The metric $d$ is often suppressed from the notation if it is clear from context, in which case one would simply write $\omega_f \left({A}\right)$.

Similarly, one would speak of the oscillation of $f$ on $A$ in this case.

### Oscillation at a Point

Let $x \in X$.

Let $X$ be a topological space.

Denote with $\mathcal N_x$ the set of neighborhoods of $x$.

The oscillation of $f$ at $x$ with respect to $d$, denoted by $\omega_f \left({x; d}\right)$, is defined as:

$\displaystyle \omega_f \left({x; d}\right) := \inf_{U \mathop \in \mathcal N_x} \omega_f \left({U; d}\right)$

where $\omega_f \left({U; d}\right)$ denotes the oscillation of $f$ on $U$.

The metric $d$ is often suppressed from the notation if it is clear from context, in which case one would simply write $\omega_f \left({x}\right)$.

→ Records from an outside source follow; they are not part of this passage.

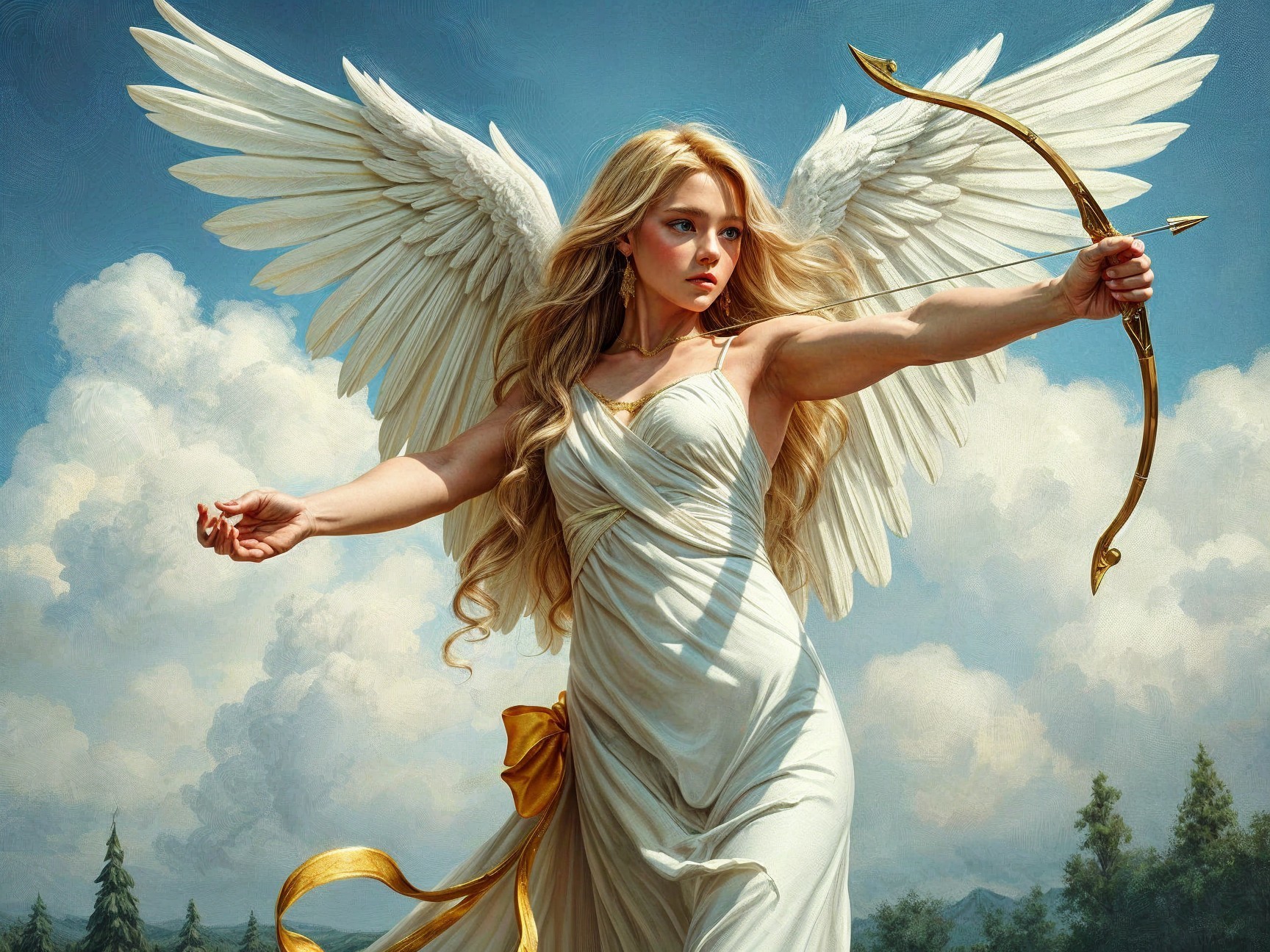 Majestic figure with wings and golden bow in sky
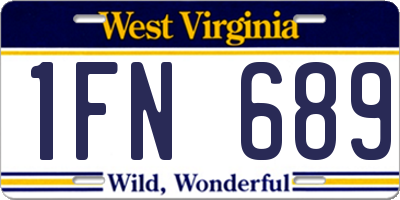 WV license plate 1FN689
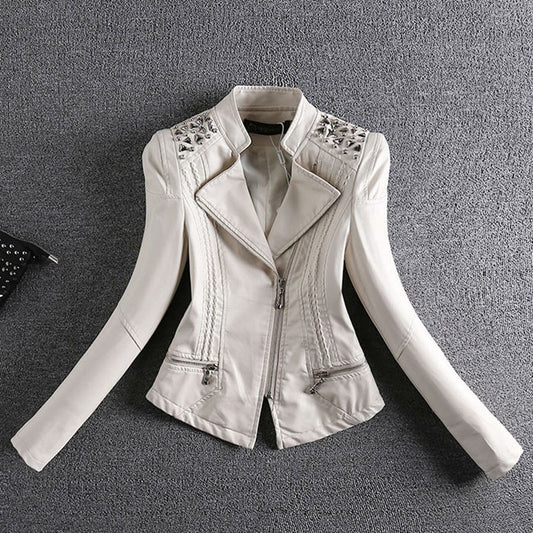 Street Smart: Women's Short PU Leather Streetwear Jacket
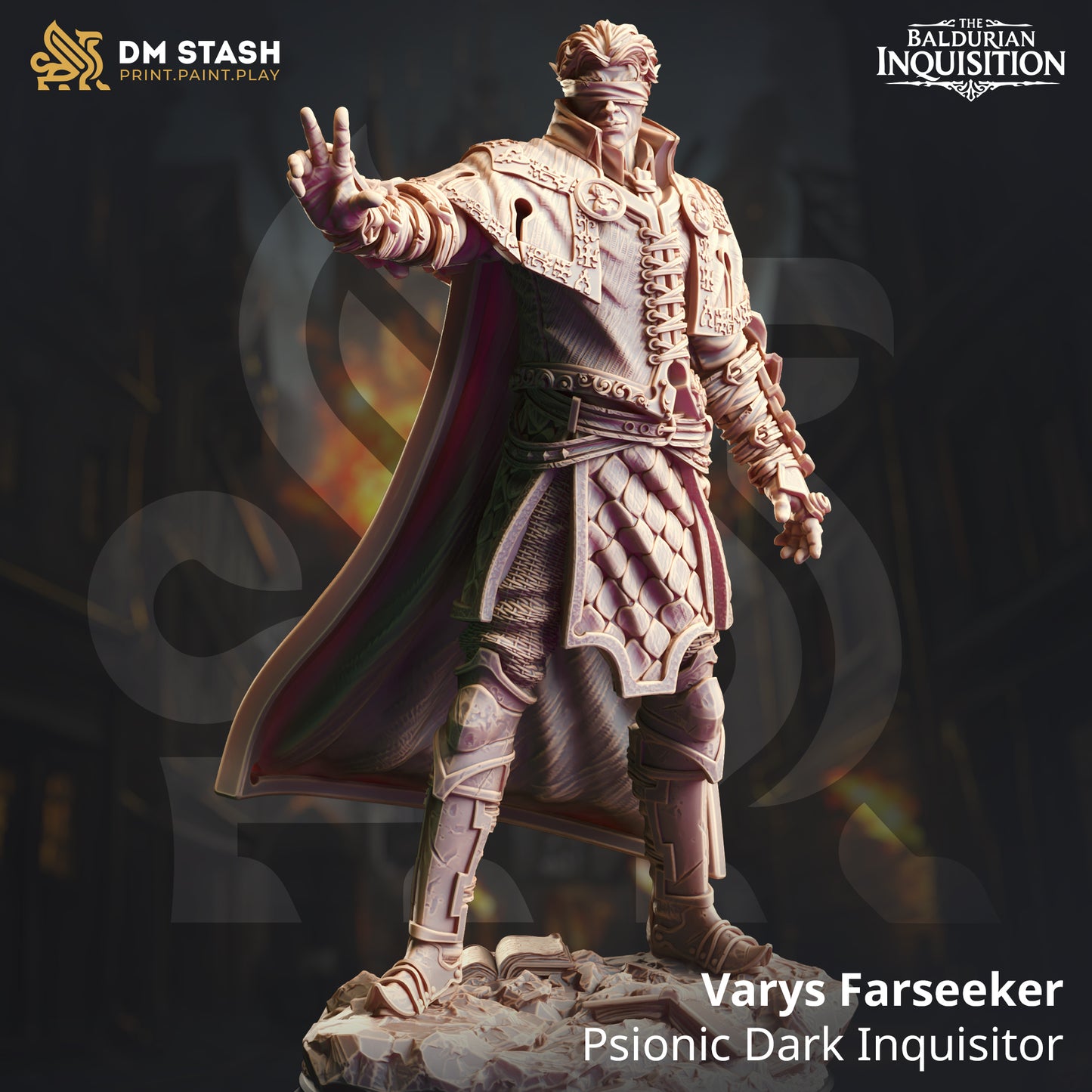 Image shows a 3D render of a half-elf clairvoyant gaming miniature.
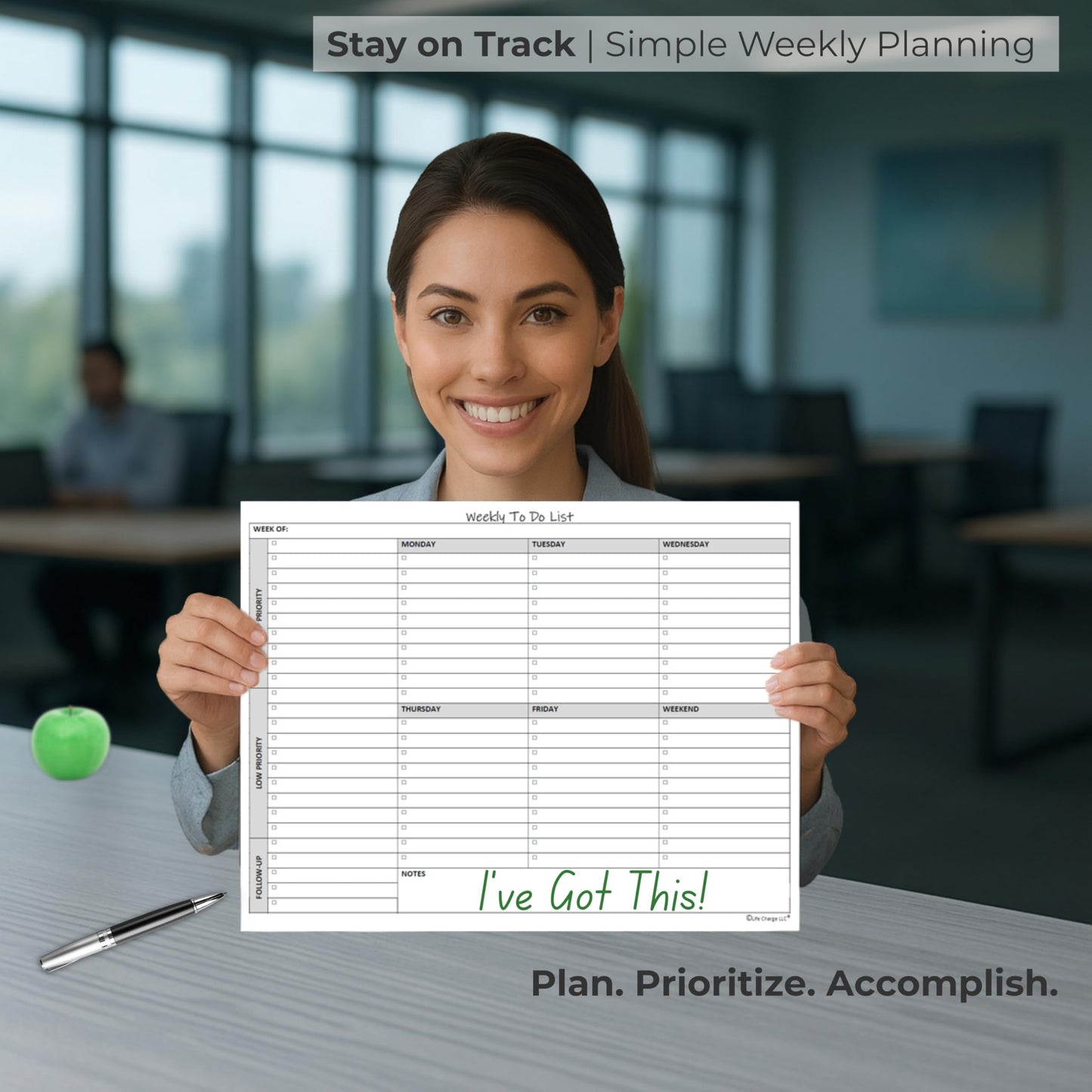 Life Charge Weekly Planner Notepad for Work & Home, Weekly To Do List Pad with Daily Checklist, Priority & Notes, 60 Pages, 8.5 x 11 Letter, Landscape
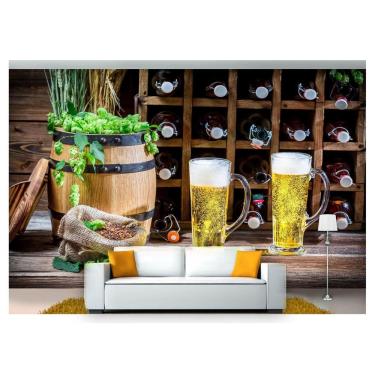 Imagem de Papel De Parede Cerveja Bebida Barril Lupulo 3D Al68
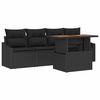 vidaXL Gar&eth;s&oacute;fa sett me&eth; geymslu 5 pcs Svartur Poly rattan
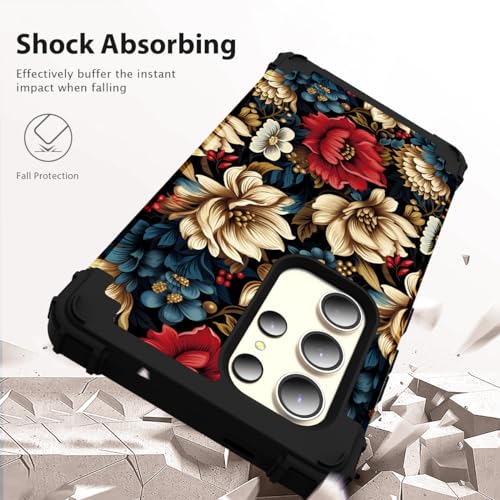 SleekCover for Galaxy S24 Ultra Case,3 in 1 Floral Pattern Heavy Duty Shockproof Soft Silicone Rubber Bumper+Hard Plastic Hybrid Protective Cover for Samsung Galaxy S24 Ultra 6.8",Black Flower - Image 4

Similarly, one would speak of the oscillation of $f$ at $x$ in this case.

## Elementary Properties

With $X$ and $\struct {Y, d}$ as in the definitions above, the following hold:

• If $A \subseteq B$ are nonempty subsets of $X$ then $\omega_f \left({A}\right) \le \omega_f \left({B}\right)$.
• The infimum in the definition of $\omega_f(x)$ can be taken over the open neighborhoods as well and that definition would yield the same result.
• The oscillation satisfies the inequalities $0 \le \omega_f \left({x}\right) \le \omega_f \left({U}\right) \le \infty$ for any neighborhood $U$ of $x$ and all possibilities do occur for e.g. functions $f: \R \to \R$.
• For all $r > 0$ the set $\left\{{x \in X: \omega_f \left({x}\right) < r}\right\}$ is open.
• A function $f: X \to Y$ is continuous at $x \in X$ if and only if $\omega_f \left({x}\right) = 0$.
• The set of discontinuities, $D \left({f}\right)$, for a function $f: X \to Y$ can be written as a countable union of closed sets:
$\displaystyle D \left({f}\right) = \bigcup_{n \mathop = 1}^\infty \left\{{x \in X: \omega_f \left({x}\right) \ge \frac 1 n} \right\}$.